El pasado miércoles, 13 de mayo, la Comisión Europea impuso una multa de 1.000 millones de euros a Intel, la poderosa empresa estadounidense fabricante de procesadores que durante décadas ha dominado el mercado de los ordenadores asociando su progreso al de los sistemas operativos de Microsoft. Concluía así un dilatado proceso de nueve años que tiene su origen en el contencioso planteado por la competencia del gigante, AMD (Advanced Micro Devices), por abuso de posición dominante. La multa es considerable, la mayor impuesta hasta ahora por la Comisión Europea, pero quien debe pagarla ha amortizado más que sobradamente esa cantidad a lo largo de los nueve años transcurridos, convirtiendo el coste que supone la sanción en irrisorio.
Las prácticas monopolísticas de Intel consistían fundamentalmente en la oferta de fuertes descuentos a los fabricantes de material informático más relevantes. Y el objetivo está meridianamente claro: sacar del camino a su competidor, aún a costa de reducir sensiblemente los propios beneficios. Nada nuevo, por cierto. La práctica del 'dumping', teóricamente prohibida y condenada en todo el mundo, es sumamente frecuente, aunque raramente alcanza los niveles y la transcendencia que se registran en el floreciente mercado informático. Ya en 2004 Bruselas había impuesto al gigante del software Microsoft una primera multa de 497 millones, seguida en 2007 por otra de 280. Para la empresa del 'filantrópico' Bill Gates el abuso es algo más que una práctica frecuente; constituye toda una filosofía.

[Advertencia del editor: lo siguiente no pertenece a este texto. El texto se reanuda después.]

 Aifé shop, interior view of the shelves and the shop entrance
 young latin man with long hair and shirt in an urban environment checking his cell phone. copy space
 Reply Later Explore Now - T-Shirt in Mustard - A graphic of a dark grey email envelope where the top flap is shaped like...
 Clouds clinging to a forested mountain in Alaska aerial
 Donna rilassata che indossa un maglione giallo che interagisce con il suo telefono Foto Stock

El capital tiende por naturaleza al monopolio, previa eliminación de toda competencia, y ese impulso debe ser férreamento vigilado y corregido por los estados si pretenden -y deberían hacerlo- defender los intereses de los ciudadanos en tanto que consumidores y, asimismo, garantizar su propia independencia frente al creciente poder de las grandes corporaciones multinacionales. El problema principal reside en la globalización de la economía. Resulta inútil que un solo país (o sólo la UE) mantenga firmes posturas antimonopolísticas si otros son cómplices de quienes abusan por sistema de su posición de dominio en un determinado mercado.

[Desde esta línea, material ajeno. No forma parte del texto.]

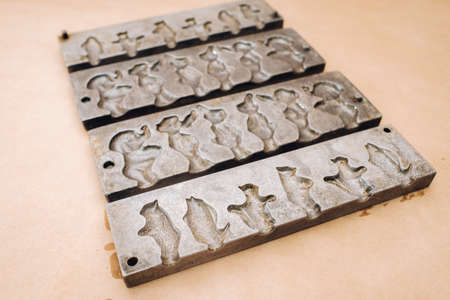 Forms for making sugar lollipops.A taste of our childhood.Rooster lollipops.Sugar caramelの写真素材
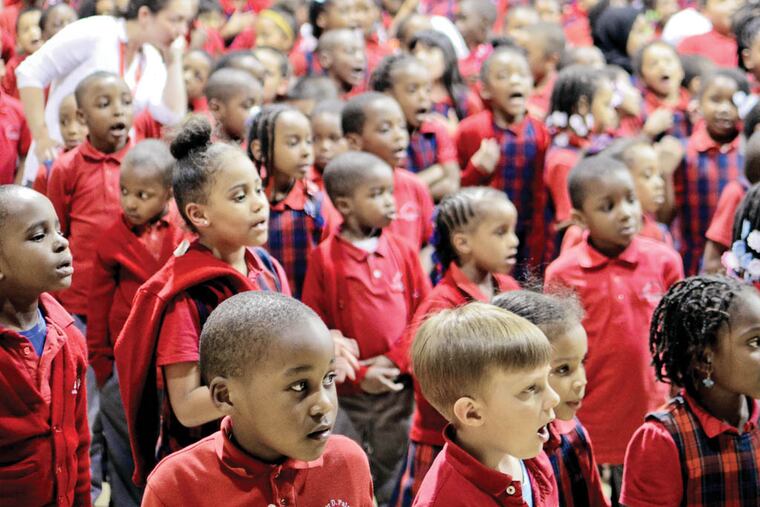 File: Elementary school students participate in an indoor rally in May to help prevent their school, Walter D. Palmer Leadership Learning Partners Charter School, from closing. (VIVIANA PERNOT/Staff Photographer)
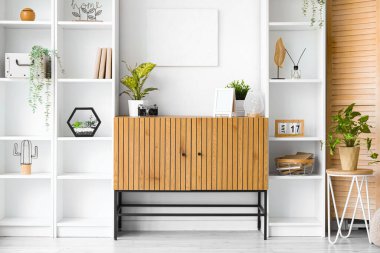 Odanın içinde ahşap dolap ve beyaz duvarın yanında raf üniteleri var.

Durante los últimos años, regidos por la bajo tantos puntos de vista abyecta administración Bush, Estados Unidos ha ignorado sistemáticamente las maniobras sucias de sus grandes corporaciones y trusts y ello ha redundado en un imprudente aumento del nivel de indefensión de los consumidores y también, en muchos casos, de las empresas de segundo nivel, cuya emergencia se ha visto frecuentemente frustrada. Ahora parece que Obama quiere poner fin al imperio de la ley de la selva. El pasado día 11 su ministerio de Justicia ha derogado el documento que regía la normativa sobre competencia durante la 'era Bush', concebido precisamente para dificultar la posibilidad de que el Gobierno se interfiriera.
Es un primer paso para poner orden y ofrecer unas garantías mínimas en un marco de incertidumbres que sobrepasa ampliamente las fronteras de Estados Unidos y que es de transcendecia crucial en el contexto de la profunda crisis económica que está sacudiendo las estructuras económicas en todo el mundo. El mito ultraliberal de la autorregulación o autocorrección de los mercados nunca se ha parecido más a un cuento para idiotas contado por depredadores sin escrupulos que ahora mismo. El castillo de naipes del crecimiento permanente se ha venido abajo justamente a causa de la culposa inhibición de quienes tienen la obligación de regular y corregir las consecuencias de la codicia enfermiza que padecen los grandes actores de esa conflagración permanente que tiene el mercado internacional como escenario.
Son muchos, por no decir todos, los sectores económicos que deben ser sometidos al escrutinio sistemático de los gobiernos. La banca, la energía o las telecomunicaciones, especialmente. Pero es de vital importancia frustar las fuertes tendencias monopolísticas que se registran en el expansivo sector informático (tanto en el software como en el hardware). La informática se ha instalado en el corazón del sistema y en la vida cotidiana de las gentes y a nadie se le ocultan los riesgos implícitos en la concentración de poder, que, en gran medida, ya es un hecho.
De no hacerlo así, se estará abriendo la puerta a las más indeseables utopías. Google, por ejemplo, tiene ya en sus manos un poder históricamente inédito y su voracidad es cualquier cosa menos tranquilizadora.